This post, is a comment on the underlying research that is mentioned in a recent article in the Belgian newspaper De Standaard of 29/8, entitled “Amerikaanse rekenkunde voorspelt moeilijke schoolstart”.

Consider this article made available on the site of the University of California at San Francisco (based on research by pediatrician Dylan Chan MD): “To Stop COVID-19 Spread in Schools, Start with Local Data and Do the Math”. This article links to a shiny app that calculates the risk of at least one asymptomatic child in a class of a given size:

In this research report, the asymptomatic pediatric prevalence (represented as a percentage) is related to background 7-day incidence. Let us explain their calculation. Consider that incidence in a certain region or city or neighborhood is given.

$ Prev = Pediatric-asymptomatic-prevalence = 0.23 + 0.0107*incidence$

(On their web site, incidence is represented in terms of cases per week per 1000 population; we have modified it to the more commonly used incidence of cases per week per 100,000 population.) Example: City of Antwerp, incidence on August 26, 2020 is equal to 77 per week per 100,000. The derived prevalence of asymptomatic infections among children is then estimated, by these authors’ formula, as follows:

$Prev = (0.23 + 0.0107 * 77)% = 1.0539% = 0.010539$

Chances of at least one asymptomatic child in a class of size N:

$Aprob(N) = 1 – (1 – Prev)^N$


  • $Aprob(10) = 1 – (1 – 0.010539)^{10} = 10.1%$
  • $Aprob(20) = 1 – (1 – 0.010539)^{20} = 19.1%$
  • $Aprob(30) = 1 – (1 – 0.010539)^{30} = 27.2%$

Performing the same exercise for Belgium as a whole, leads to a 7-day incidence (based on the period between August 20, 2020 and August 26, 2020) of 26.63 cases per week per 100,000 individuals. The probability of at least one asymptomatic child in a class of size N = 20 reduces to 9.8%. For municipalities with a very low incidence, e.g., 10 cases per week per 100,000 individuals, we obtain for a class of size N = 20 a probability equal to 6.5%.

Note, however, that there is a difference between the time of calculation and the time of opening of the schools (September 1, 2020) which potentially has an impact on the results. On top of that, there is a delay due to the incubation period meaning that the 7-day incidence at a given moment in time only reflects transmission rates in the past and not at that moment in time. Taking this into account requires additional work in extending the aforementioned approach.

We can also reverse their formulas, where we specify a class size N, and a required (low) probability of having at least one child asymptomatically infected in the class, and then work out the incidence for the area that is tolerated:

$Incidence = 9324.30 – 9345.79 * (1-Aprob)^{(1/N)}$

Example: If a class is of size N=10, and Aprob=10% is tolerated, then we find that an incidence of 76 is tolerated. However, should the class size be N=20, then the incidence has to go down to 28. For a class of size N=20, and a tolerated Aprob=5%, the incidence goes down to 2.5. A limitation of their regression method is that it clearly does not perform well with very low tolerances(i.e., with very low tolerated Aprob). Arguably, more careful modeling would be needed, other than with linear regression. This adds to the limitations already specified on the above cited web page.

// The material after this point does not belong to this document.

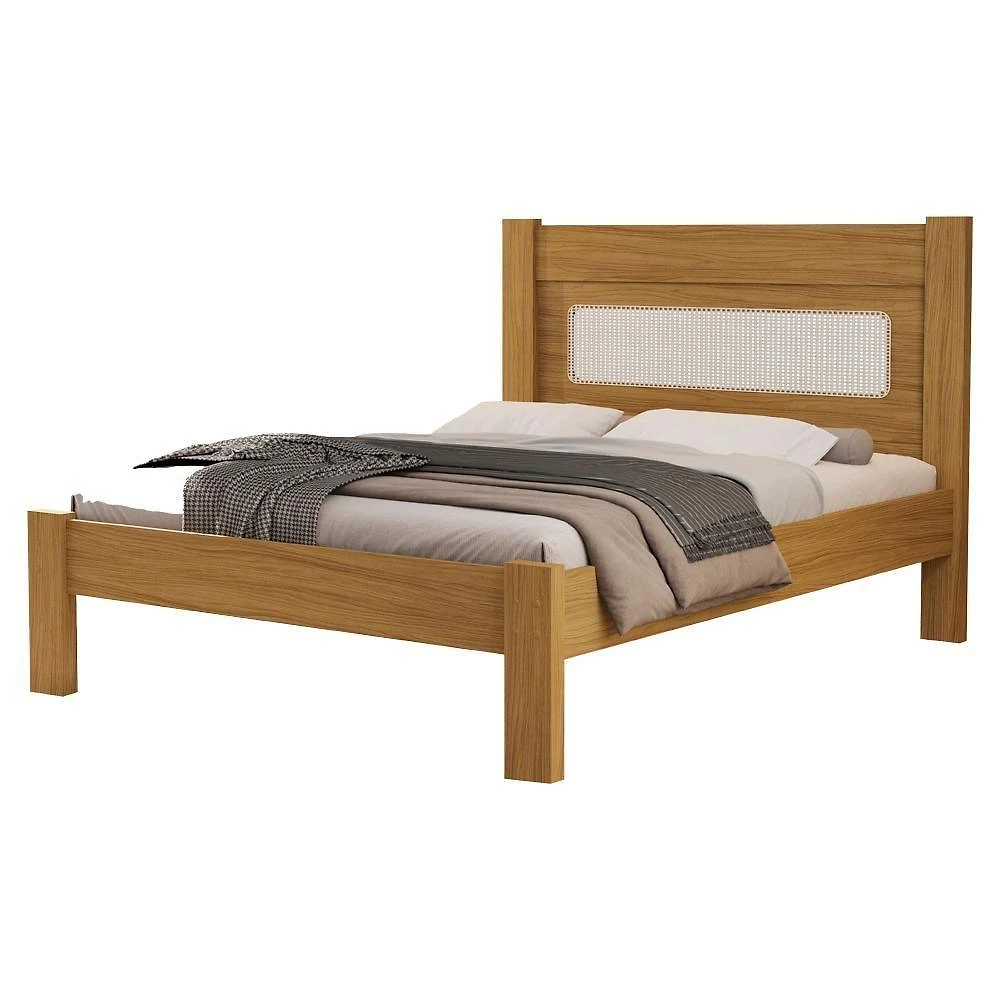 Cama de Casal 199x145cm Modelo 3023 em Mdf Fosco Marrom Milani Movelaria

Summary of our criticisms. Observational data are used by these authors to link incidence and prevalence. The representativeness of their data needs to be examined very carefully. Also, the linear regression tool is not fitting very well, because very low incidences, combined with low required asymptomatic probabilities, may lead to negative numbers, which is impossible, and an undesirable side-effect of their model. A more refined, non-linear relationship needs to be derived, that automatically respects the non-negativity of incidence. The fit of the model should be carefully examined. Further, it is important to take age into account. The current tool is for the entire age range 0-18 years, which is too rough. Evidently, a well-fitting tool in one country does not automatically fit to the situation in another country; so it would have to be tailored to the local situation. Last, but not least, a calculation of this type should always be viewed for what it is: an estimation, surrounded with uncertainty. In that sense, even when models are well-fitting and reliable, every estimate should be accompanied by a quantification of uncertainty (standard error, 95% confidence interval).

Conclusion. A tool like this can be relevant, as an important component in the discussion of school reopening and the associated risk, but refinement is needed. It can add to the evidence base in the school reopening discussion, but should not be used as the sole decisive factor. It should be based on properly corrected and properly modeled local data.